Not his eyesight. His actual vision, reality flickered like a corrupted video game and suddenly there were words floating in the air in front of him. Golden text, crisp and bright in a font he'd never seen before.
[GOLDSCRIPT PROTOCOL: SCANNING...]
Darren's breathing slowed, he blinked hard but the text remained.
[USER: NOVA, DARREN - STATUS: ACUTE LIQUIDITY CRISIS]
[ANALYZING SKILL SET...]
[CALCULATING OPTIMIZATION PATHWAYS...]
[SYSTEM INITIALIZATION: 3%]
"What the hell.."
The golden text pulsed, lines of code scrolling past faster than he could read. His heart was hammering against his ribs, this wasn't real, this couldn't be real. He'd finally snapped, too much stress, too little sleep and his brain had decided to blue screen in the most elaborate way possible.
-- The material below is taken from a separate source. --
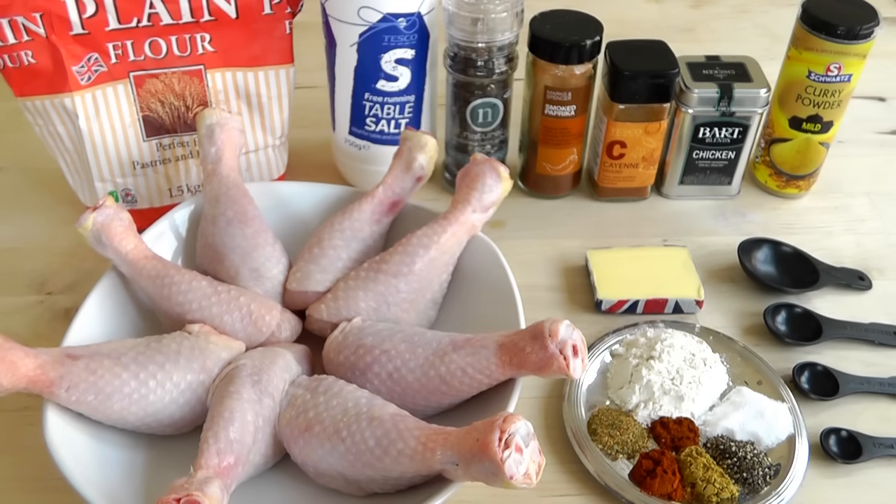The cayenne pepper just gives it a little bit of heat, so put a little bit less rather than more, but it just adds to the whole flavor. And then finally, I've got about 25 grams — a little slice of butter. The butter's going to go in the baking tin. Once it's all melted and we've got the coating on the chicken, you just put it in the oven and cook it up for about half an hour, maybe slightly longer if you've got bigger pieces of chicken. When it comes out, it's beautiful and it tastes delicious.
But the text kept loading.
[PROTOCOL MATCH FOUND]
[ENTREPRENEURIAL APTITUDE: 67%]
[DESPERATION INDEX: 94%]
[INITIATING BOOTSTRAP SEQUENCE...]
The apartment lights flickered, his laptop screen went dark then blazed back to life, displaying lines of code he hadn't written. The numbers on his budget spreadsheet began rearranging themselves, shifting and multiplying like they had a mind of their own.
And then, just as suddenly as it started, everything stopped.
The golden text hung in the air, a single prompt blinking like a cursor waiting for input:
[WELCOME TO THE GOLDSCRIPT PROTOCOL]
[WOULD YOU LIKE TO START A BUSINESS?]
**[YES] / [NO]**
Darren stared at the impossible question hovering in his vision.
Seventeen days until eviction.
$412.73 in the bank.
And apparently, a hallucination offering him a way out.
"...Yes?" he said aloud, his voice cracking.
The text flared up.
[EXCELLENT CHOICE]
[GENERATING STARTUP PARAMETERS...]
[LOADING...]
And Darren Nova's life stopped being ordinary.